-- DATA BELOW follows --

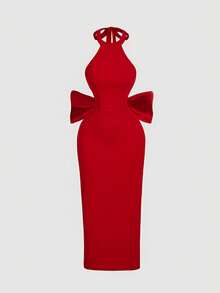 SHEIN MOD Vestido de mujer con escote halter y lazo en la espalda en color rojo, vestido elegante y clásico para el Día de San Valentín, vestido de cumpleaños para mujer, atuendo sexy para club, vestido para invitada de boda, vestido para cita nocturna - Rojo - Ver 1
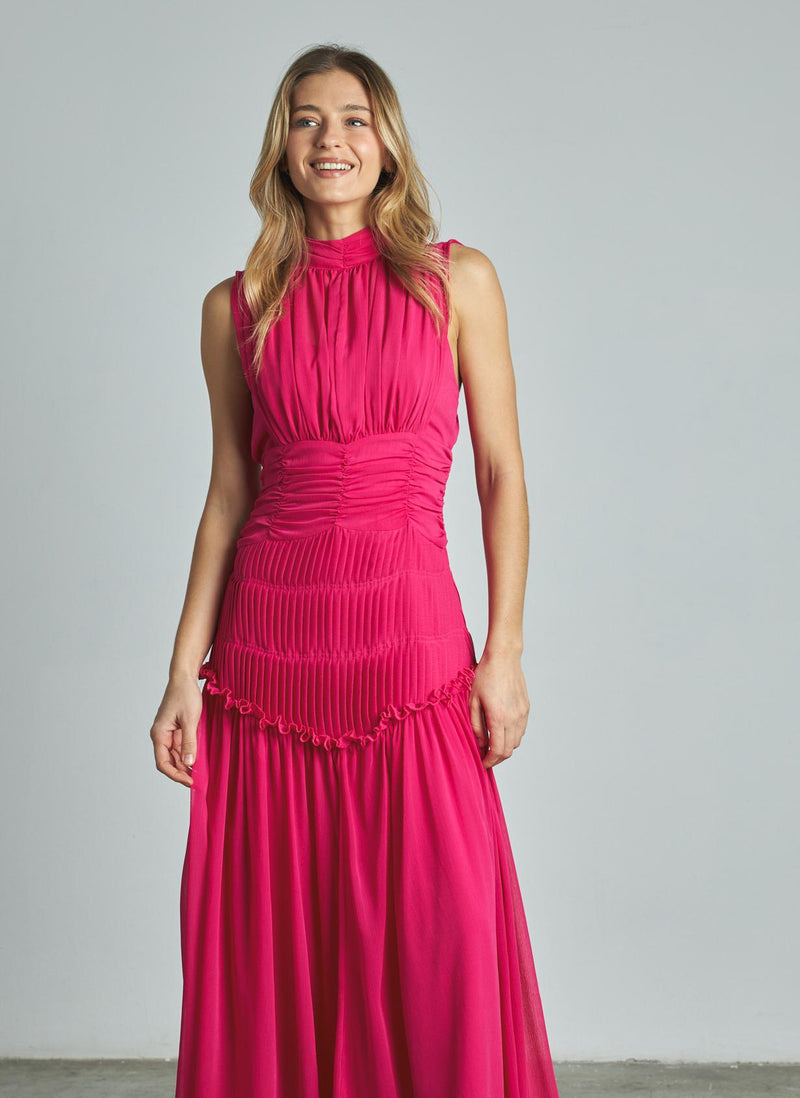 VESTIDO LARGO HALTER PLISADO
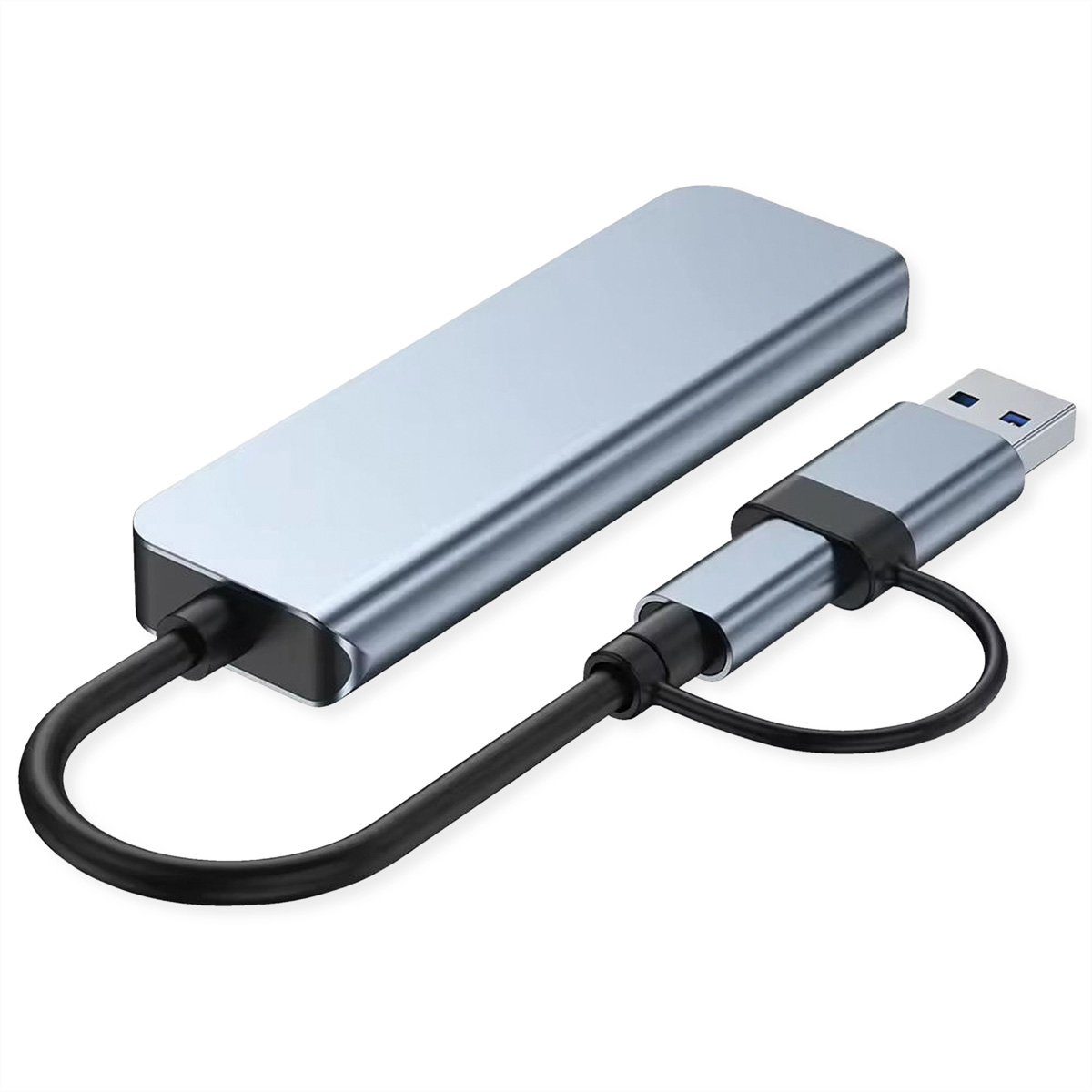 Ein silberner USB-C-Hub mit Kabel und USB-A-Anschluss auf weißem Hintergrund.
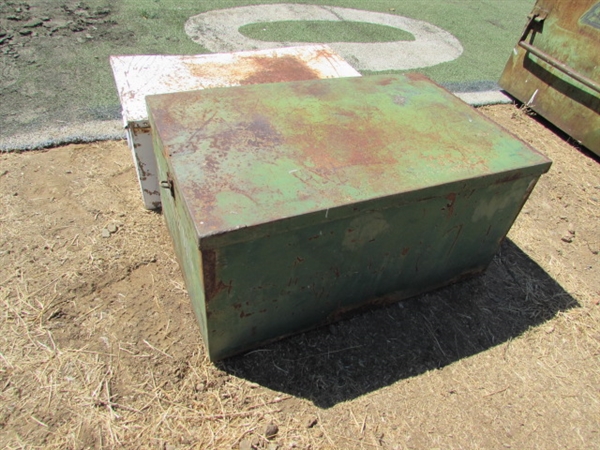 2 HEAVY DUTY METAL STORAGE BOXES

-- DATA BELOW concluded --

With pictures omitted, reproduce exactly the lines from the line containing "Ein silberner USB-C-Hub" through the end of the data above.

SOLUTION FOR THIS PROBLEM:
 Ein silberner USB-C-Hub mit Kabel und USB-A-Anschluss auf weißem Hintergrund.
 2 HEAVY DUTY METAL STORAGE BOXES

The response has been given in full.